7. Good One – This remarkable, keenly observed drama about a 17-year-old girl who accompanies her father and her father’s recently divorced friend on a weekend hike/camping trip aptly demonstrates that it only takes the smallest of moments for one’s life to irrevocably shift.
6. Challengers – This movie is a sweaty, sexy, propulsive, Luca Guadagnino/Trent Reznor/Atticus Ross-fueled mood/beat/vibe.
5. Rebel Ridge – Writer/director Jeremy Saulnier is a micro filmmaker of the highest order, by this I mean, he’s all about the details, about making sure that every character beat, story point, and camera move is justified and exactly what it needs to be.

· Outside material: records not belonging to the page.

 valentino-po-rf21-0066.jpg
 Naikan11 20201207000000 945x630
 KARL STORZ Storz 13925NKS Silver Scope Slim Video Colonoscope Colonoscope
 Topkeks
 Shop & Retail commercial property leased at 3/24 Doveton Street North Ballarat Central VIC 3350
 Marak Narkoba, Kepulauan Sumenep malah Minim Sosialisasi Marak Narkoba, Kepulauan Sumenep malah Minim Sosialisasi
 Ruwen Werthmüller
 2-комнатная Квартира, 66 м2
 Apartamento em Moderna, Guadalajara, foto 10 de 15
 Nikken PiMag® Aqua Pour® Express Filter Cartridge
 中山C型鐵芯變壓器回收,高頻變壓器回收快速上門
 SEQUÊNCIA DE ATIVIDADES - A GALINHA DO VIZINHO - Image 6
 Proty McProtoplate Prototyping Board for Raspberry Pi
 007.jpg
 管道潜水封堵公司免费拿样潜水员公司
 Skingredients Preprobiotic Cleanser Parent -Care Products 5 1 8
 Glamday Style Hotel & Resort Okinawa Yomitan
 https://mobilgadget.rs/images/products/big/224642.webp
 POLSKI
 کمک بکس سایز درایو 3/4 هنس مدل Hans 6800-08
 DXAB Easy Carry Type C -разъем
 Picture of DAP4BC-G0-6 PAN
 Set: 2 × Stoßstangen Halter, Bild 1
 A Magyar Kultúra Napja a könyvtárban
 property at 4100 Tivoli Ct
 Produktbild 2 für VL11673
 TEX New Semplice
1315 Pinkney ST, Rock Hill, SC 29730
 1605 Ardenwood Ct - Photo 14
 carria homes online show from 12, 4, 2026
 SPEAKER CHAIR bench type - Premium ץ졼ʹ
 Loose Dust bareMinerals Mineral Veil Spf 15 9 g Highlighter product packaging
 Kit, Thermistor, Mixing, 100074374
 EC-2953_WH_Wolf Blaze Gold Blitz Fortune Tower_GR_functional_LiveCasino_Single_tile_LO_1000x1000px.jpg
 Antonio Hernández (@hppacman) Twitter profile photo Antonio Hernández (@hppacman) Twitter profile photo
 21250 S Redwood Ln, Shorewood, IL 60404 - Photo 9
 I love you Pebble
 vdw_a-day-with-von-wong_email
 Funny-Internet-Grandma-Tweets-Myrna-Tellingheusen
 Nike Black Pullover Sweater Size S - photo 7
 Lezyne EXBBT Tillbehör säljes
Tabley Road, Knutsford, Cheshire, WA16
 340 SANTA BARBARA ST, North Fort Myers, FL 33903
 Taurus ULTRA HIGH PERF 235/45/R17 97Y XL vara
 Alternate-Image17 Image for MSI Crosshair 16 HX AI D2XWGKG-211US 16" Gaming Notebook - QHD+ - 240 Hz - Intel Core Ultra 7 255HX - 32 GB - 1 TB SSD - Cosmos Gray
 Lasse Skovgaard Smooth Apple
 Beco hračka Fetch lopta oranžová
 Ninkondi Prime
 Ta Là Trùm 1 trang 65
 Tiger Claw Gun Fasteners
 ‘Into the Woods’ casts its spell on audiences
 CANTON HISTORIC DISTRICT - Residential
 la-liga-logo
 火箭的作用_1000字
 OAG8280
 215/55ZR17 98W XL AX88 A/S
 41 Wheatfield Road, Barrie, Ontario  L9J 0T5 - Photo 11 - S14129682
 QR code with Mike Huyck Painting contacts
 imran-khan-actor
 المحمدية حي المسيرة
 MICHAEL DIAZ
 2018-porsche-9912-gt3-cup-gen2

Rebel Ridge, perfectly described by Saulnier as First Blood meets Michael Clayton, is one of the most immensely watchable movies I’ve seen in a long time.
4. Dune: Part 2 – With so many of our big-budget filmmakers (Steven Spielberg, James Cameron, Martin Scorsese, George Miller, Ridley Scott) hitting, having passed, or approaching the eight-decade mark (at 70, Cameron’s the youngest of this bunch), I’ve been getting a little worried that the era of bold, big-screen filmmaking might be coming to an end. Thankfully, director Denis Villeneuve has proven that he’s more than capable of taking up this mantle, and, more importantly, he’s successful enough that studios seem willing to fund his epic, wide-screen visions. This is a wonderful thing, because it takes the best of Hollywood’s resources to craft something as grand as Dune: Part Two.
3. Civil War – Alex Garland’s almost (possibly/preferably not) of-the-moment Civil War is the kind of cinematic experience I’m hoping to have every time I enter the theatre, meaning I yearn to be instantly engaged from the opening frame, then subsequently transported and provoked and surprised, then walloped (in a good way) by an ending that takes my breath away and leaves me feeling invigorated.
2. Origin – Why isn’t Ava Duvernay’s fantastic adaptation of Caste: The Origins of Our Discontent/biography of Caste-writer Isabel Wilkerson a much bigger deal? I finally caught up with it on Amazon Prime, and I was completely blown away by it, because it’s so incredibly compelling and the filmmaking is so good, and because Wilkerson’s thesis/investigation and Duvernay’s presentation of said thesis/investigation seems to hold the key to everything, to, well, the source of our collective discontent, and, by extension, a possible remedy to this discontent, or, at least, an understanding that could maybe lead to something better than what presently exists.
1. Furiosa: A Mad Max Saga – With this fifth Mad Max installment, George Miller delivers what I believe to be the best movie in what is arguably cinema’s most consistently great franchise. This isn’t to take anything away from any of the entries that have come before, because I love them all dearly, but, for me, Furiosa – which essentially gives us five Mad Max movies in one – tops them all.